Renewable forms of energy cannot compete with fossil fuels with the price of oil being so low. The price of solar and wind energy has dropped tremendously as investments lead to technological advancement, but many of these investments were made with the high price of fossil fuels—rather than the environmental benefits of renewables—in mind. To incentivize investment and ensure fair competition, governments should take advantage of the opportunity and cut their subsidies to fossil fuel companies, which—according to Oil Change International—add up to $1 trillion per year worldwide.
OCI statistics go on to report that fossil fuels have received four times as many subsidies as renewable energy sources. Much of the money goes toward consumption subsidies, which make things like gas and heating oil affordable. These should be cut responsibly at a pace that allows renewable infrastructure to catch up while also sending signals to the market that unsustainable forms of energy cannot expect much help from governments in the future. Developed countries should do this more quickly than developing countries, especially while the price of oil is so far below what most consumers are used to.

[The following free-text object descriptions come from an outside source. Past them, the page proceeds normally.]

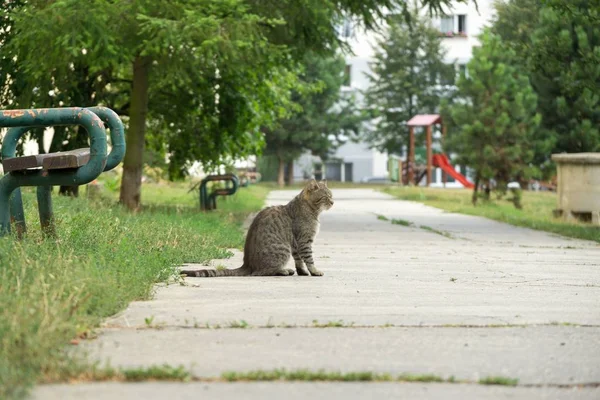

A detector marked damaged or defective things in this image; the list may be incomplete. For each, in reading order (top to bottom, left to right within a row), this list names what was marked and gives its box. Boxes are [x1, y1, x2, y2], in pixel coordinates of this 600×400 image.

rusty metal pipe frame [0, 108, 110, 236]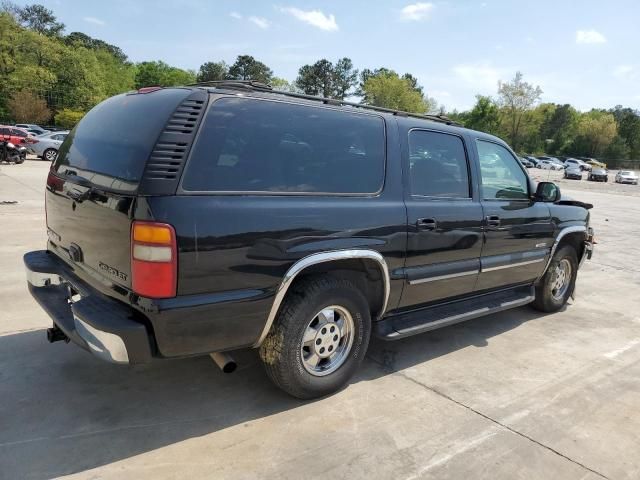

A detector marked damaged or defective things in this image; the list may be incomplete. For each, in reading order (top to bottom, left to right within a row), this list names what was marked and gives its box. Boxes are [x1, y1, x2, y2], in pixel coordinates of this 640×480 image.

crack in pavement [364, 356, 608, 480]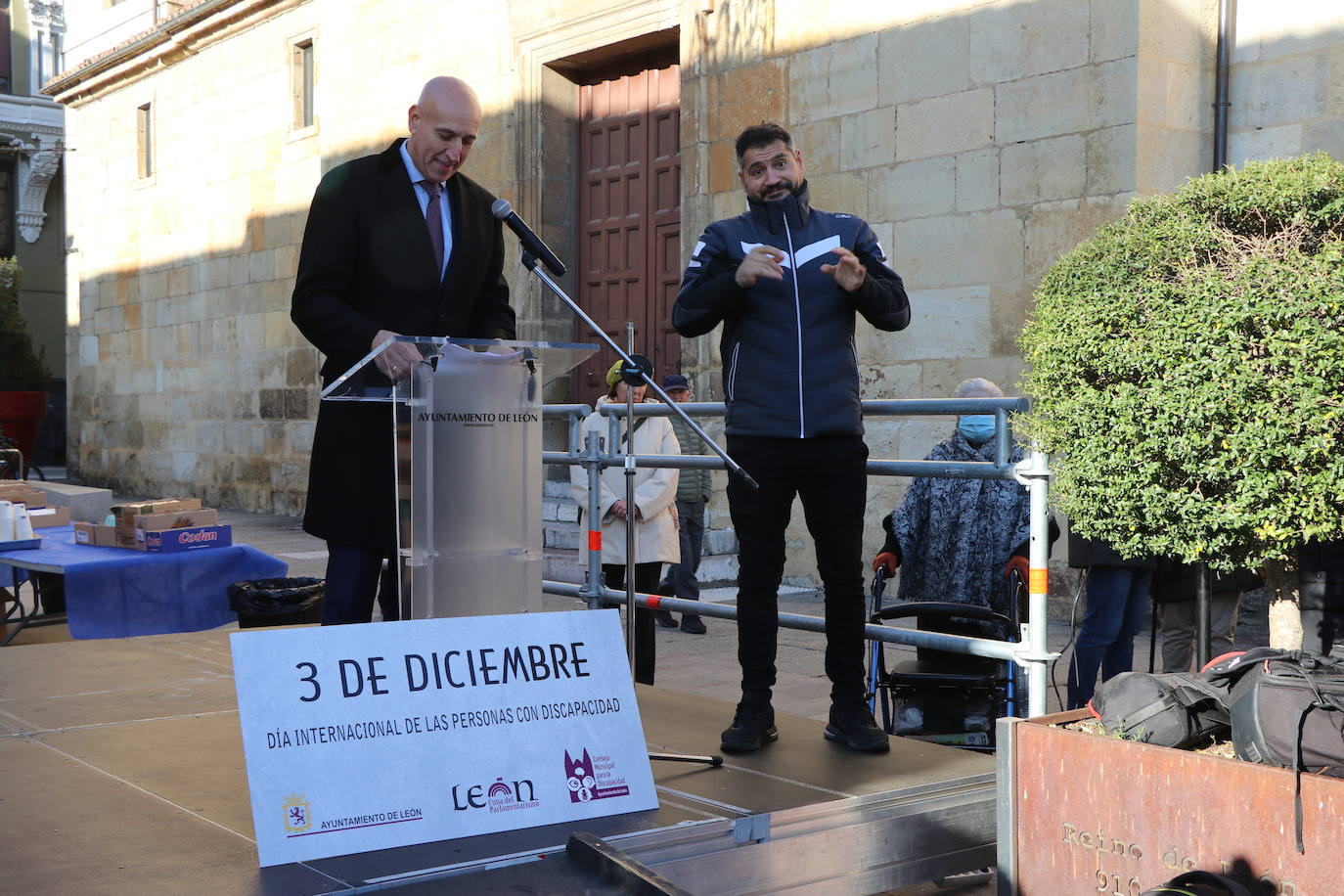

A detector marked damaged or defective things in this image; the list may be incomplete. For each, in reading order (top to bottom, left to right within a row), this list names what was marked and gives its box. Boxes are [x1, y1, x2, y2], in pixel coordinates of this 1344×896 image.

rusty metal planter [994, 709, 1338, 891]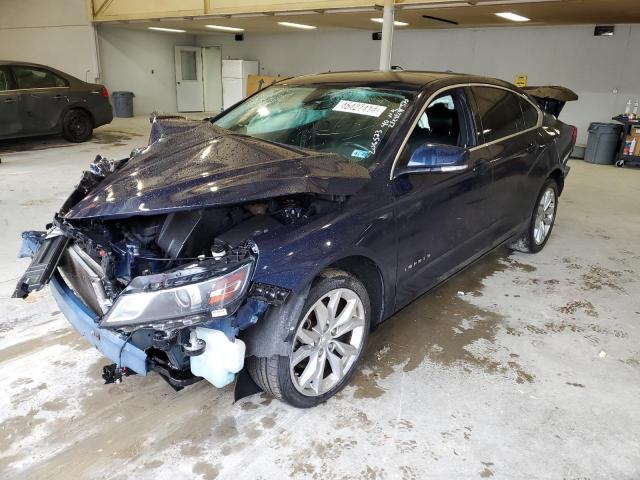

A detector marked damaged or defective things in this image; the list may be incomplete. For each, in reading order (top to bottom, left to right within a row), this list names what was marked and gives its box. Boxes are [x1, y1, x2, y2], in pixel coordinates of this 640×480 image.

damaged dark blue sedan [13, 71, 576, 406]
damaged bumper [49, 274, 148, 376]
broken headlight [99, 260, 251, 328]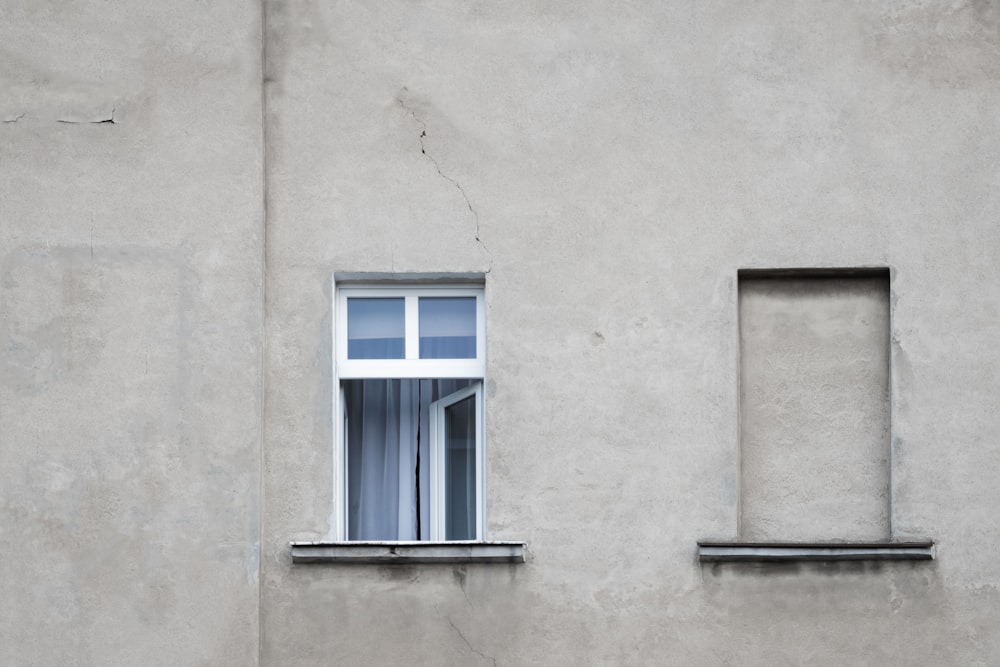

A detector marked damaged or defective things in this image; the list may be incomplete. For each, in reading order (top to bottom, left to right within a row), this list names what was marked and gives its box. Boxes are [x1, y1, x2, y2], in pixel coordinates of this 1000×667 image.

wall crack [398, 94, 492, 272]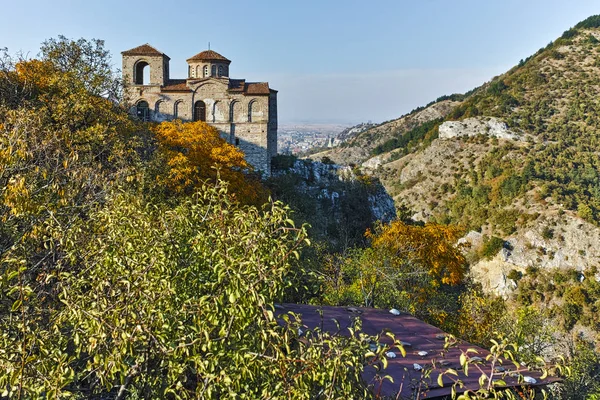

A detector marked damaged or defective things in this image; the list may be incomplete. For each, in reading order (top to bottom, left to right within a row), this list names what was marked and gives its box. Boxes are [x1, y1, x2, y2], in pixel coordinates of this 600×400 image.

rusty metal roof [278, 304, 560, 398]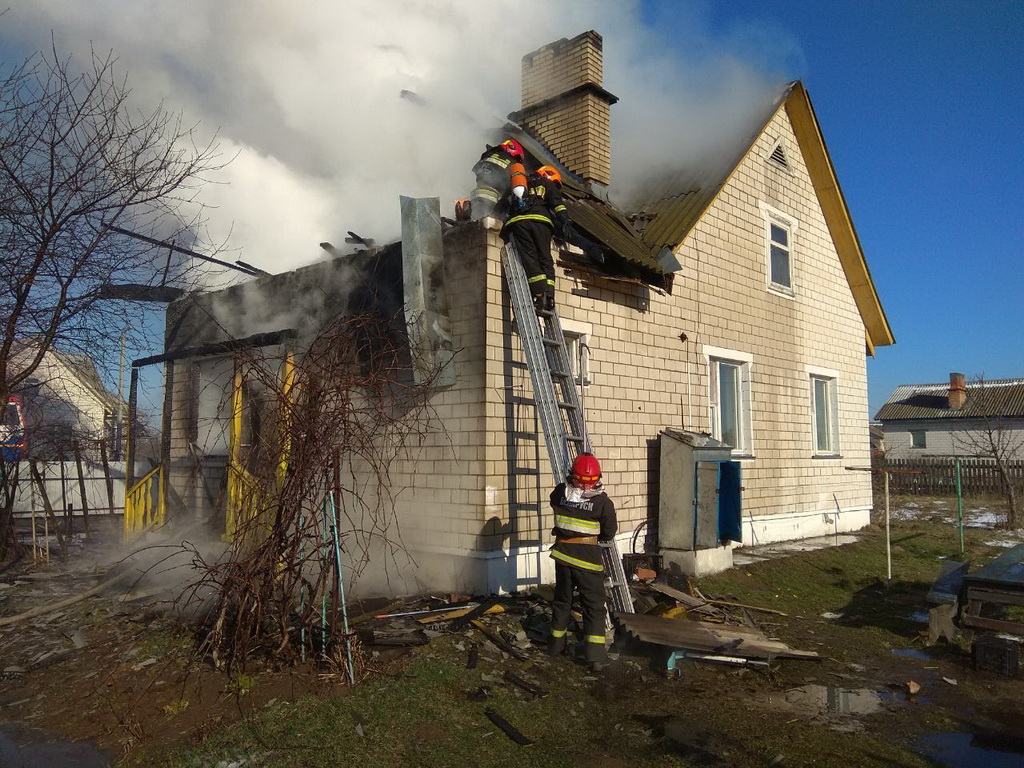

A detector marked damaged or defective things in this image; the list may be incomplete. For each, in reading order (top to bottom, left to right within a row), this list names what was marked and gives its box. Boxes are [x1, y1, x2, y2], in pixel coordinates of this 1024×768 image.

damaged roof [508, 79, 892, 352]
damaged roof [876, 376, 1024, 420]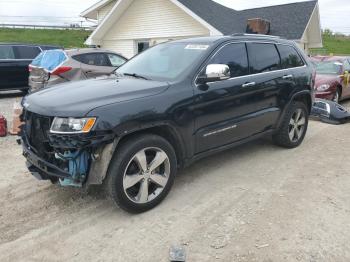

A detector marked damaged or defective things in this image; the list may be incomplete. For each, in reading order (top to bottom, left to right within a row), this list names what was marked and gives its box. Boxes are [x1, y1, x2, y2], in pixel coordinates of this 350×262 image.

front end damage [20, 110, 119, 188]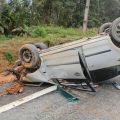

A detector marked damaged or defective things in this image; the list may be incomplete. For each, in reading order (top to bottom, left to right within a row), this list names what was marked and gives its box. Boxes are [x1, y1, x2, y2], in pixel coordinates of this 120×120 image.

overturned white car [17, 17, 120, 91]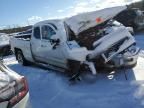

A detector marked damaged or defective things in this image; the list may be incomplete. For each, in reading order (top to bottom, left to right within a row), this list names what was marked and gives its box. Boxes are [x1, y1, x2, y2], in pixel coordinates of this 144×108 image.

damaged pickup truck [10, 6, 140, 80]
wrecked vehicle [10, 6, 140, 80]
crumpled hood [64, 5, 126, 35]
wrecked vehicle [115, 7, 144, 30]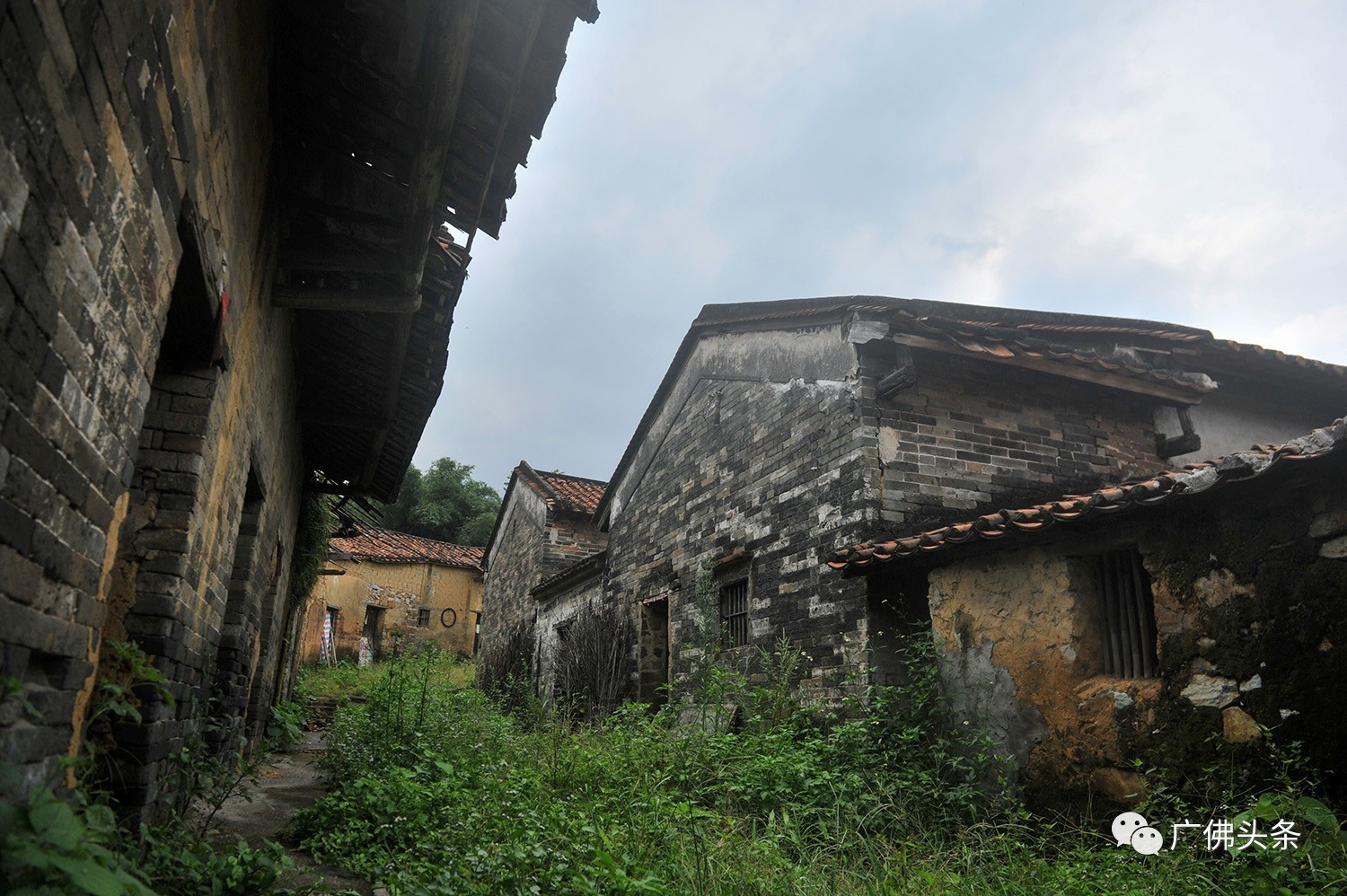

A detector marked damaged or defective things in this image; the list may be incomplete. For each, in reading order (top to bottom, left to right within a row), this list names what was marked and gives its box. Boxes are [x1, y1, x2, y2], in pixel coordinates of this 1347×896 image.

broken roof edge [830, 415, 1347, 574]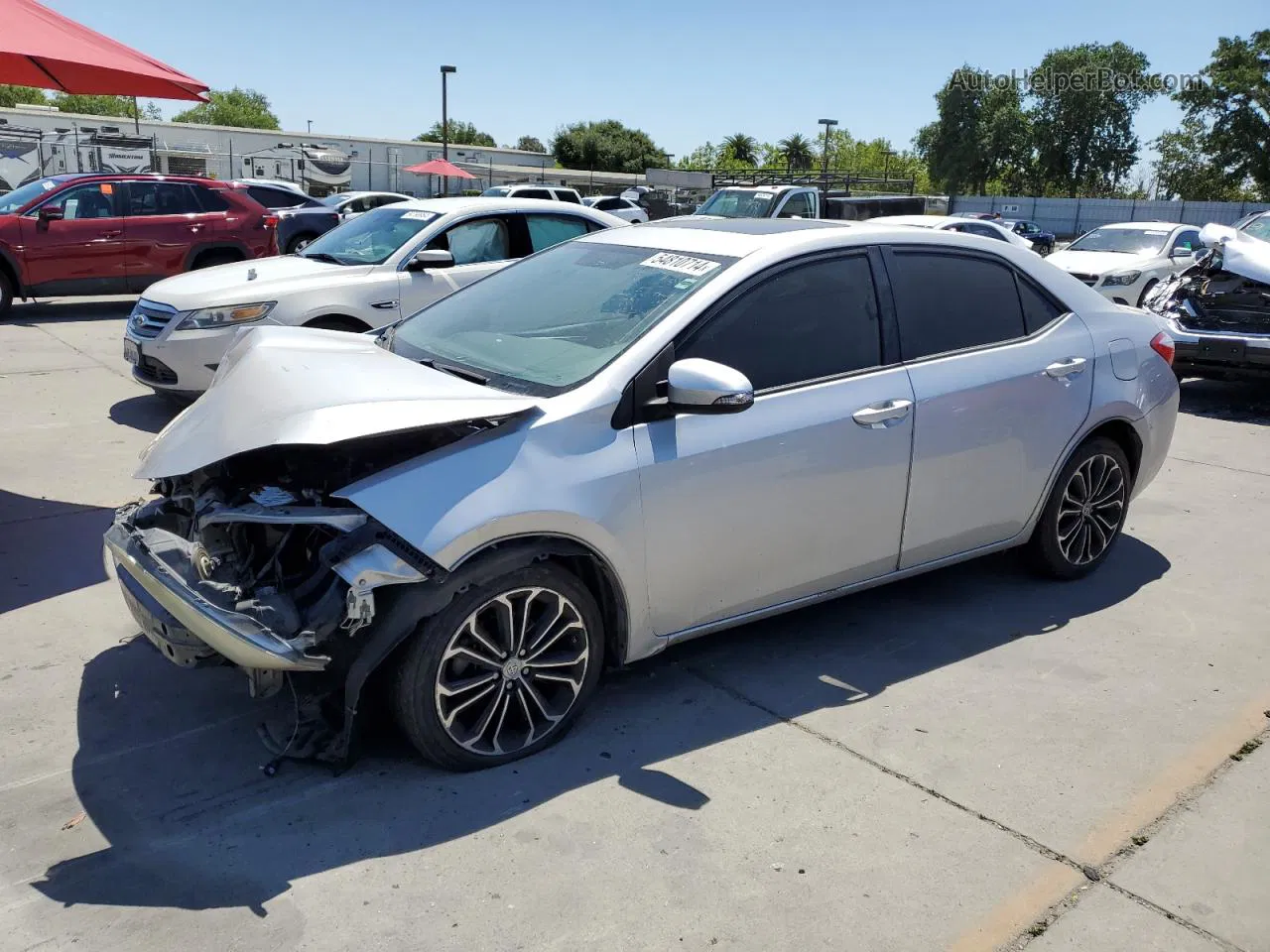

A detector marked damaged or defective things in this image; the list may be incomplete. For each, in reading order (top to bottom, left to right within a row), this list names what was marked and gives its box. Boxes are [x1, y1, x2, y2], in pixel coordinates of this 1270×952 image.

crumpled hood [142, 257, 375, 309]
crumpled hood [1046, 250, 1158, 275]
crumpled hood [135, 327, 541, 479]
damaged silver car [106, 219, 1178, 772]
detached front bumper [105, 523, 332, 669]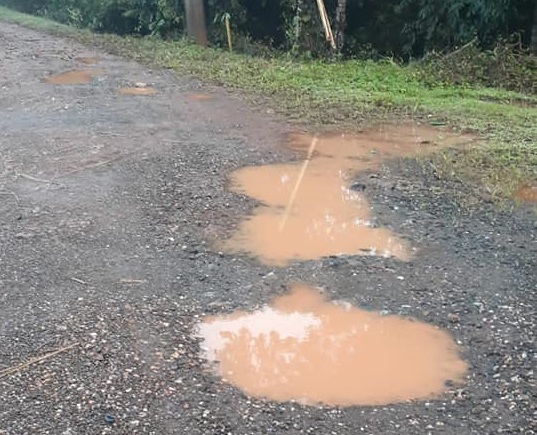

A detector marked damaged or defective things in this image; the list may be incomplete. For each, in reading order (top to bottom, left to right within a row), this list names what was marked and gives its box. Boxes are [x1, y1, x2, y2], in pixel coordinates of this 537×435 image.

Production subsidies are of more immediate interest; they essentially give oil, gas and coal companies government welfare. These make up the majority of subsidies in industrialized countries like the United States and they should be the first to go.
According to OCI, subsidies for fossil fuels amount to around $37.5 billion annually in the U.S. government and the fossil fuels industry spends approximately $329 million a year on lobbying and campaign contributions, which makes their return on investment for these activities roughly 10,000 percent.
There will be costs to removing these subsidies. The New York Times reported that 250,000 jobs have already been lost due to the drop in oil prices and oil-producing nations like Norway and the OPEC countries are seeing losses to their economies. Cutting demand further by raising the price of oil would increase these pressures, but these losses are worth it in the long run. The Economist Intelligence Unit estimated that the present value at risk from climate change is approximately $13.8 trillion and—from the perspective of governments—$43 trillion if temperatures rise by 6 degrees Celsius. This would represent 30 percent of the world’s entire stock of manageable assets.
In the wake of the international accords of The United Nations Climate Change Conference, any government that supports the fossil fuel industry is hypocritically undermining its express intentions to keep global temperatures from rising more than 1.5 degrees Celsius.
The use of public funds to support the fossil fuel industry is a disgrace that cuts directly against the interests of the constituents of all governments while producing profits for the wealthy companies that lobby them. Bills such as Sen. Bernie Sanders’ End Polluter Welfare Act should be supported and politicians who refuse to discuss President Barack Obama’s proposed $4 billion reduction of these subsidies should be held accountable.
If we are to mitigate the effects of climate change, renewables must be given a chance to replace fossil fuels. The recent drop in oil prices gives governments an opportunity to do that right now.